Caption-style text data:
....
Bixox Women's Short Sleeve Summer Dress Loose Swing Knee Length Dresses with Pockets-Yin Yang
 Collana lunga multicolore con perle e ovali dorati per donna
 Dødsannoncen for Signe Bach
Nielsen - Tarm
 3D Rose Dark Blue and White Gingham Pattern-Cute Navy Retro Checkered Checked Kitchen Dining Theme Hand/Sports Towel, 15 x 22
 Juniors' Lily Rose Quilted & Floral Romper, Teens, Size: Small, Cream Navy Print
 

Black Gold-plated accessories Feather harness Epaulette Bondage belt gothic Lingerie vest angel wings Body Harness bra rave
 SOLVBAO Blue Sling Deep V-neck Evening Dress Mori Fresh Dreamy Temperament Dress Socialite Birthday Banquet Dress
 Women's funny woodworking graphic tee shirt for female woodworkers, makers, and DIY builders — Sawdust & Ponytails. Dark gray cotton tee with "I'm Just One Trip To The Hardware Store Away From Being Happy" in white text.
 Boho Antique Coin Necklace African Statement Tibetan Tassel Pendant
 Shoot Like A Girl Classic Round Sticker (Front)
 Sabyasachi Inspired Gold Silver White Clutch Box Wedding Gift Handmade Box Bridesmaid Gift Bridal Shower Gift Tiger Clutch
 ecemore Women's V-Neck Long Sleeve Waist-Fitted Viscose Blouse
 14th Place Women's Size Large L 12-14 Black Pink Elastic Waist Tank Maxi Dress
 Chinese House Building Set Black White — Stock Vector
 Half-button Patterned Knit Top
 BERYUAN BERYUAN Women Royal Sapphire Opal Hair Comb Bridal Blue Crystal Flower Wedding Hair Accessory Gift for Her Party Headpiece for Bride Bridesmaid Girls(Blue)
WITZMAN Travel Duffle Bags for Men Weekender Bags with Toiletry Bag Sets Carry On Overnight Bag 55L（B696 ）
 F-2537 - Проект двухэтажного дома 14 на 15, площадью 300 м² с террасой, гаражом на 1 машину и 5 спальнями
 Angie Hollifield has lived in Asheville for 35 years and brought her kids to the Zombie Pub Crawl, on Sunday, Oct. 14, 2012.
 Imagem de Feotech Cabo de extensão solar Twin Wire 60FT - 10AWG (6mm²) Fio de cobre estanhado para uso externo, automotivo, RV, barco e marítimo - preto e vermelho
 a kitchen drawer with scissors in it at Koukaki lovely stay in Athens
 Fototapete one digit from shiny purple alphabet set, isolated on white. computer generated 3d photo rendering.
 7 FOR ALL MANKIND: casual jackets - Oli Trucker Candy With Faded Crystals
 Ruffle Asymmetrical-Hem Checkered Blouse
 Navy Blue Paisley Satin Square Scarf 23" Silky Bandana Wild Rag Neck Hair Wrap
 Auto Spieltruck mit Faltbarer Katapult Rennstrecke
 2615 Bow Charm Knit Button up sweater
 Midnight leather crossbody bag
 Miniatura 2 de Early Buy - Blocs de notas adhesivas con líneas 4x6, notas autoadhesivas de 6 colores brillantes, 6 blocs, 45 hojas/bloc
....
Exercise requirements →
The records above are to be written out again word for word.

Reply to the task →
Bixox Women's Short Sleeve Summer Dress Loose Swing Knee Length Dresses with Pockets-Yin Yang
 Collana lunga multicolore con perle e ovali dorati per donna
 Dødsannoncen for Signe Bach
Nielsen - Tarm
 3D Rose Dark Blue and White Gingham Pattern-Cute Navy Retro Checkered Checked Kitchen Dining Theme Hand/Sports Towel, 15 x 22
 Juniors' Lily Rose Quilted & Floral Romper, Teens, Size: Small, Cream Navy Print
 

Black Gold-plated accessories Feather harness Epaulette Bondage belt gothic Lingerie vest angel wings Body Harness bra rave
 SOLVBAO Blue Sling Deep V-neck Evening Dress Mori Fresh Dreamy Temperament Dress Socialite Birthday Banquet Dress
 Women's funny woodworking graphic tee shirt for female woodworkers, makers, and DIY builders — Sawdust & Ponytails. Dark gray cotton tee with "I'm Just One Trip To The Hardware Store Away From Being Happy" in white text.
 Boho Antique Coin Necklace African Statement Tibetan Tassel Pendant
 Shoot Like A Girl Classic Round Sticker (Front)
 Sabyasachi Inspired Gold Silver White Clutch Box Wedding Gift Handmade Box Bridesmaid Gift Bridal Shower Gift Tiger Clutch
 ecemore Women's V-Neck Long Sleeve Waist-Fitted Viscose Blouse
 14th Place Women's Size Large L 12-14 Black Pink Elastic Waist Tank Maxi Dress
 Chinese House Building Set Black White — Stock Vector
 Half-button Patterned Knit Top
 BERYUAN BERYUAN Women Royal Sapphire Opal Hair Comb Bridal Blue Crystal Flower Wedding Hair Accessory Gift for Her Party Headpiece for Bride Bridesmaid Girls(Blue)
WITZMAN Travel Duffle Bags for Men Weekender Bags with Toiletry Bag Sets Carry On Overnight Bag 55L（B696 ）
 F-2537 - Проект двухэтажного дома 14 на 15, площадью 300 м² с террасой, гаражом на 1 машину и 5 спальнями
 Angie Hollifield has lived in Asheville for 35 years and brought her kids to the Zombie Pub Crawl, on Sunday, Oct. 14, 2012.
 Imagem de Feotech Cabo de extensão solar Twin Wire 60FT - 10AWG (6mm²) Fio de cobre estanhado para uso externo, automotivo, RV, barco e marítimo - preto e vermelho
 a kitchen drawer with scissors in it at Koukaki lovely stay in Athens
 Fototapete one digit from shiny purple alphabet set, isolated on white. computer generated 3d photo rendering.
 7 FOR ALL MANKIND: casual jackets - Oli Trucker Candy With Faded Crystals
 Ruffle Asymmetrical-Hem Checkered Blouse
 Navy Blue Paisley Satin Square Scarf 23" Silky Bandana Wild Rag Neck Hair Wrap
 Auto Spieltruck mit Faltbarer Katapult Rennstrecke
 2615 Bow Charm Knit Button up sweater
 Midnight leather crossbody bag
 Miniatura 2 de Early Buy - Blocs de notas adhesivas con líneas 4x6, notas autoadhesivas de 6 colores brillantes, 6 blocs, 45 hojas/bloc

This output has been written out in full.